#### WHAT YOU NEED TO DO
Make a verbatim copy of the records; pictures stay out.
Segment Start: DATA PROVIDED
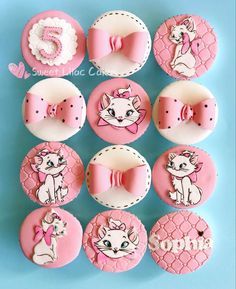 pink and white cupcakes decorated with cartoon cats, bows, and other decorations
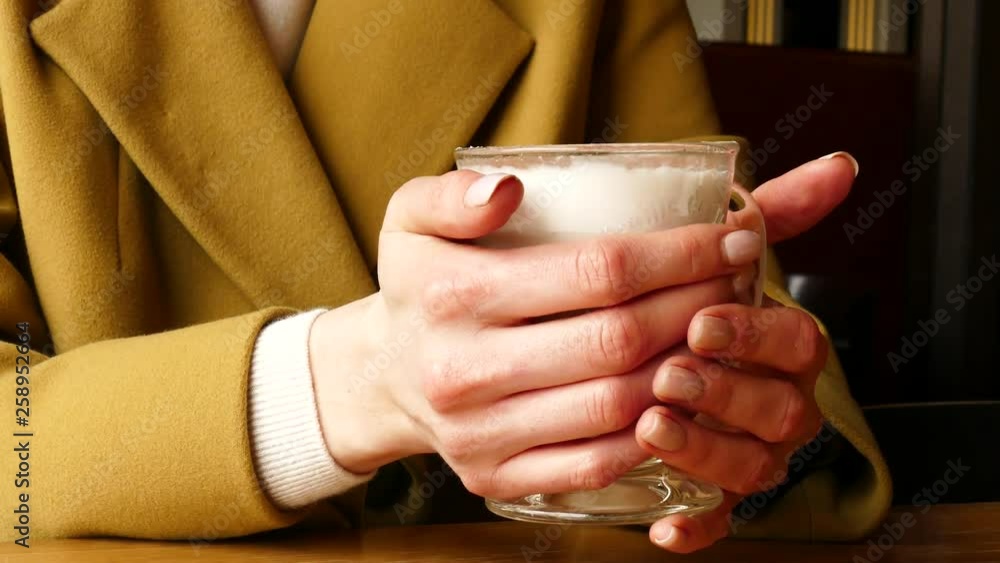 Woman hold Coffee Latte From Glass Cup Close Up Woman hold Coffee Latte From Glass Cup Close Up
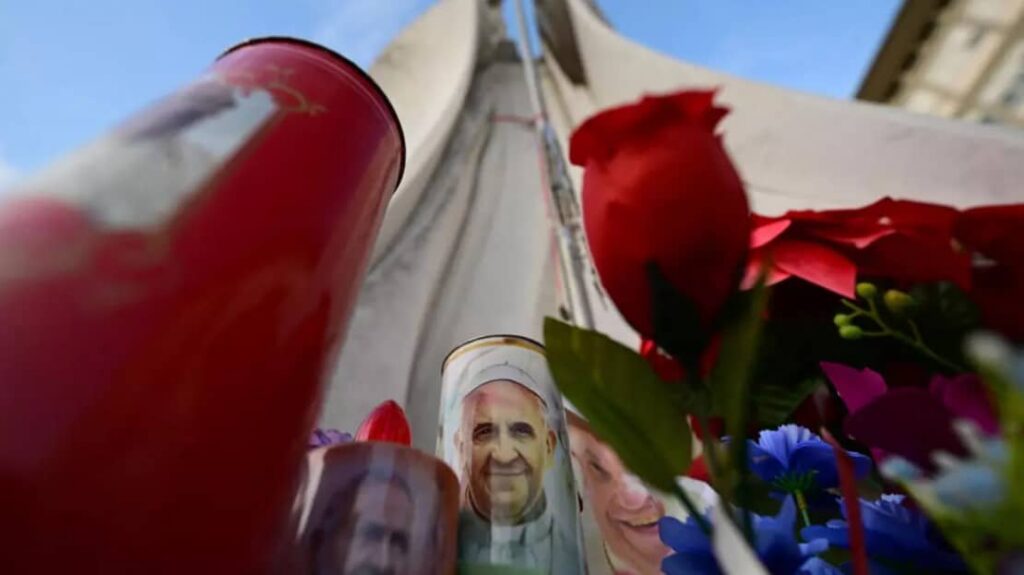 شموع وزهور وصور للبابا فرانسيس عند تمثال البابا يوحنا بولس الثاني خارج مستشفى جيميلي في روما حيث يعالج البابا فرانسيس. 28 فبراير 2025.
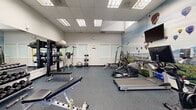 This fitness center is a compact yet efficiently organized workout space designed to accommodate a wide range of exercise needs. The room features durable rubber flooring in a speckled blue-grey finish, providing both safety and comfort underfoot. Overhead, a drop ceiling with recessed fluorescent panel lighting ensures the space is consistently and evenly illuminated throughout.

The cardio section is anchored by TRUE-brand treadmills, an elliptical trainer, and an Echelon rowing machine, offering diverse options for aerobic conditioning. Strength training is well-supported with a Hoist multi-station cable machine, adjustable weight benches, a barbell rack with plate weights, and a full dumbbell rack. Additional functional training accessories include stability balls and resistance bands, rounding out the facility's versatility.

A large, eye-catching wall mural depicting a colorful hot air balloon festival over a scenic landscape serves as a standout design feature, adding energy and visual interest to the space. Full-length mirrors along one wall enhance the sense of openness and allow users to monitor their form during workouts. Frosted glass panels and a glass-paned exit door allow natural light to filter in while maintaining privacy. A wall clock and signage complete the practical, user-focused environment.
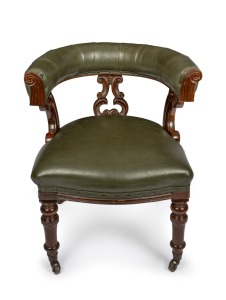 An antique English mahogany framed tub style desk chair with green leather upholstery, circa 1875, ​​​​​​​77cm high, 64cm across the arms.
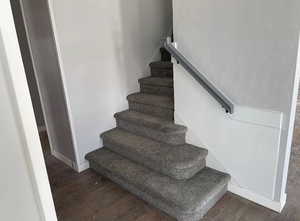 Stairs featuring wood finished floors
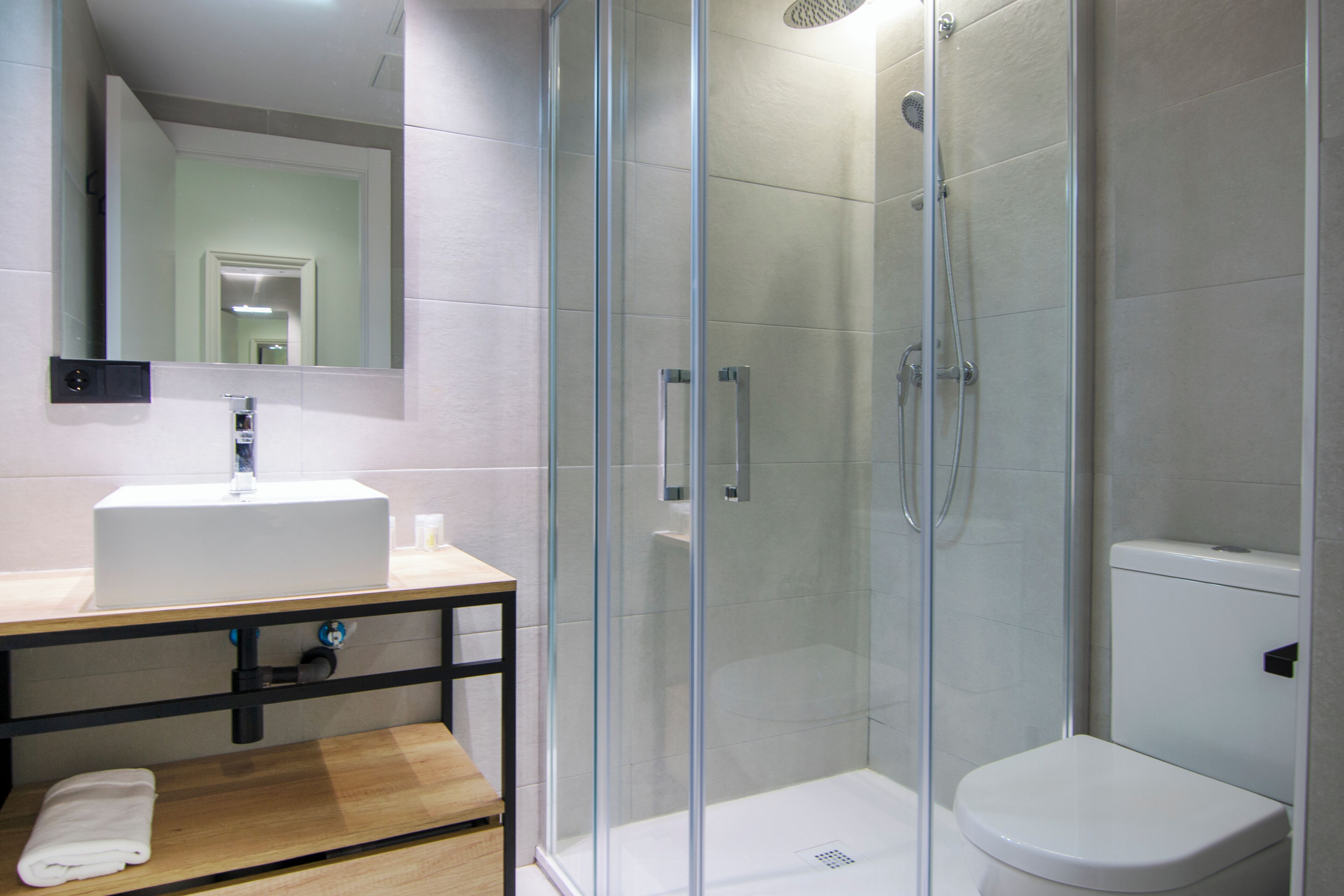 Une salle de bain moderne avec une douche à parois de verre, un lavabo blanc et des toilettes.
Segment End: DATA PROVIDED
#### SOLUTION TO THIS EXERCISE
 pink and white cupcakes decorated with cartoon cats, bows, and other decorations
 Woman hold Coffee Latte From Glass Cup Close Up Woman hold Coffee Latte From Glass Cup Close Up
 شموع وزهور وصور للبابا فرانسيس عند تمثال البابا يوحنا بولس الثاني خارج مستشفى جيميلي في روما حيث يعالج البابا فرانسيس. 28 فبراير 2025.
 This fitness center is a compact yet efficiently organized workout space designed to accommodate a wide range of exercise needs. The room features durable rubber flooring in a speckled blue-grey finish, providing both safety and comfort underfoot. Overhead, a drop ceiling with recessed fluorescent panel lighting ensures the space is consistently and evenly illuminated throughout.

The cardio section is anchored by TRUE-brand treadmills, an elliptical trainer, and an Echelon rowing machine, offering diverse options for aerobic conditioning. Strength training is well-supported with a Hoist multi-station cable machine, adjustable weight benches, a barbell rack with plate weights, and a full dumbbell rack. Additional functional training accessories include stability balls and resistance bands, rounding out the facility's versatility.

A large, eye-catching wall mural depicting a colorful hot air balloon festival over a scenic landscape serves as a standout design feature, adding energy and visual interest to the space. Full-length mirrors along one wall enhance the sense of openness and allow users to monitor their form during workouts. Frosted glass panels and a glass-paned exit door allow natural light to filter in while maintaining privacy. A wall clock and signage complete the practical, user-focused environment.
 An antique English mahogany framed tub style desk chair with green leather upholstery, circa 1875, ​​​​​​​77cm high, 64cm across the arms.
 Stairs featuring wood finished floors
 Une salle de bain moderne avec une douche à parois de verre, un lavabo blanc et des toilettes.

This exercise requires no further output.